Golden Rules for System Design Interviews
From: (Dinesh Varyani)[https://www.linkedin.com/pulse/dinesh-varyani/?trackingId=%2FLj0T5ZmIe4YgxpKGoVDkw%3D%3D]
Sharing with you 30 golden rules to answer in System Design Interviews. The rules are as follows -
If we are dealing with a read-heavy system, it's good to consider using a Cache.
If we need low latency in the system, it's good to consider using a Cache & CDN.
If we are dealing with a write-heavy system, it's good to use a Message Queue for async processing
If we need a system to be an ACID complaint, we should go for RDBMS or SQL Database
If data is unstructured & doesn't require ACID properties, we should go for No-SQL Database
If the system has complex data in the form of videos, images, files etc, we should go for Blob/Object storage
If the system requires complex/heavy pre-computation like a news feed, we should use a Message Queue & Cache
If the system requires searching data in high volume, we should consider using a search index, tries or a search engine like Elasticsearch
If the system requires to Scale SQL Database, we should consider using Database Sharding
If the system requires High Availability, Performance, & Throughput, we should consider using a Load Balancer
If the system requires faster data delivery globally, reliability, high availability, & performance, we should consider using a CDN
If the system has data with nodes, edges, and relationships like friend lists, & road connections, we should consider using a Graph Database
If the system needs scaling of various components like servers, databases, etc, we should consider using Horizontal Scaling
If the system requires high-performing database queries, we should use Database Indexes
If the system requires bulk job processing, we should consider using Batch Processing & Message Queues
If the system requires reducing server load and preventing DOS attacks, we should use a Rate Limiter
If the system has microservices, we should consider using an API Gateway (Authentication, SSL Termination, Routing etc)
If the system has a single point of failure, we should implement Redundancy in that component
If the system needs to be fault-tolerant, & durable, we should implement Data Replication (creating multiple copies of data on different servers)

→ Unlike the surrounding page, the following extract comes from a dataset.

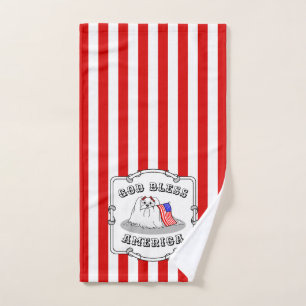 Patriotic American Flag USA Maltese Dog - Niedlich Badhandtuch Set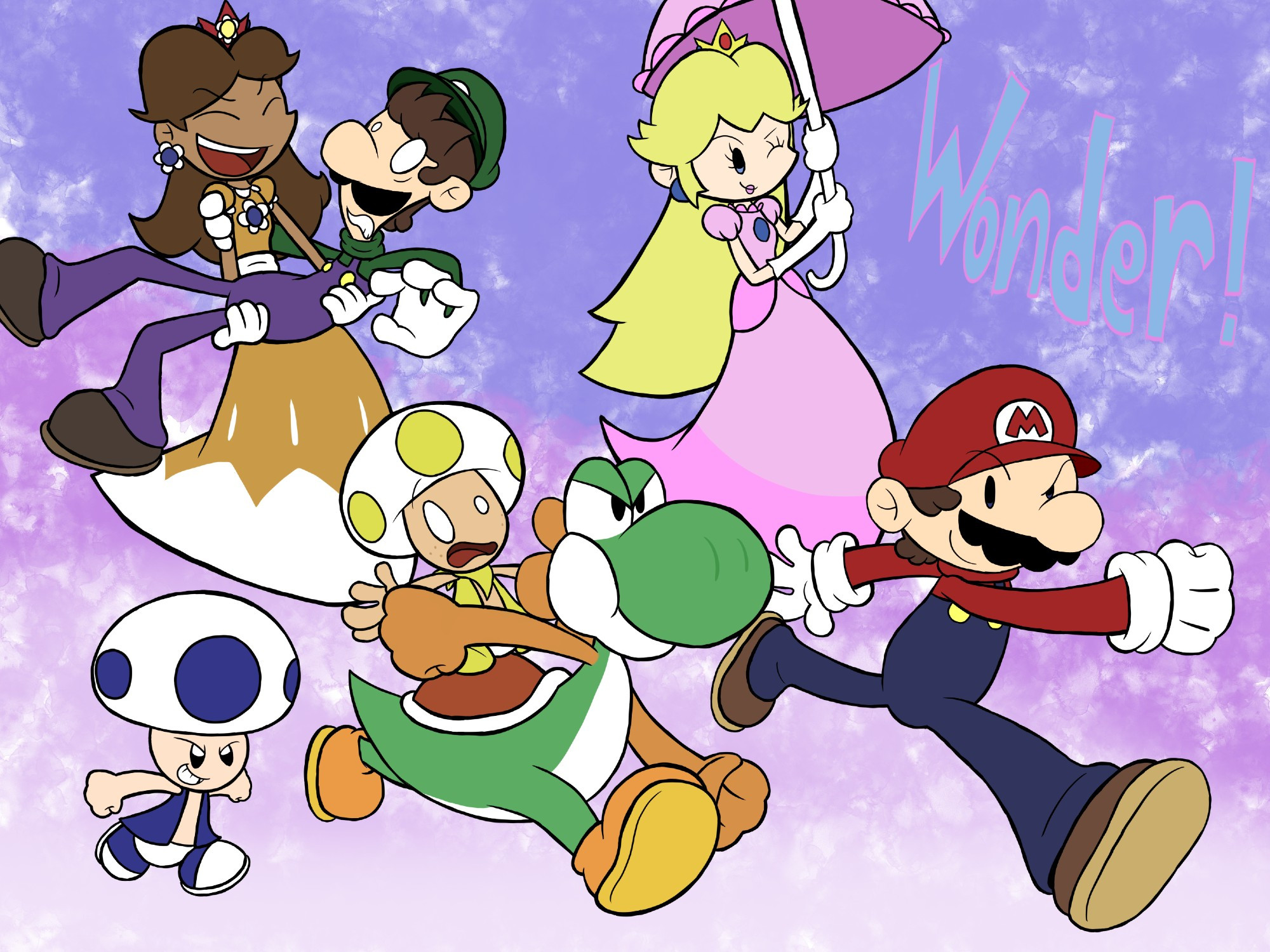 WONDER!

If the system needs user-to-user communication (bi-directional) in a fast way, we should use Websockets
If the system needs the ability to detect failures in a distributed system, we should implement a Heartbeat
If the system needs to ensure data integrity, we should use Checksum Algorithm
If the system needs to scale servers with add/removal of nodes efficiently, with no hotspots, we should implement Consistent Hashing
If the system needs to transfer data between various servers in a decentralized way, we should go for Gossip Protocol
If the system needs anything to deal with a location like maps, nearby resources, we should consider using Quadtree, Geohash etc
Avoid using any specific technology names such as - Kafka, S3, or EC2. Try to use more generic names like message queues, object storage etc
If High Availability is required in the system, it's better to mention that system cannot have strong consistency. Eventual Consistency is possible
If asked how domain name query in the browser works and resolves IP addresses. Try to sketch or mention about DNS (Domain Name System)
If asked how to limit the huge amount of data for a network request like youtube search, trending videos etc. One way is to implement Pagination which limits response data.
If asked which policy you would use to evict a Cache. The preferred/asked Cache eviction policy is LRU (Least Recently Used) Cache. Prepare around its Data Structure and Implementation.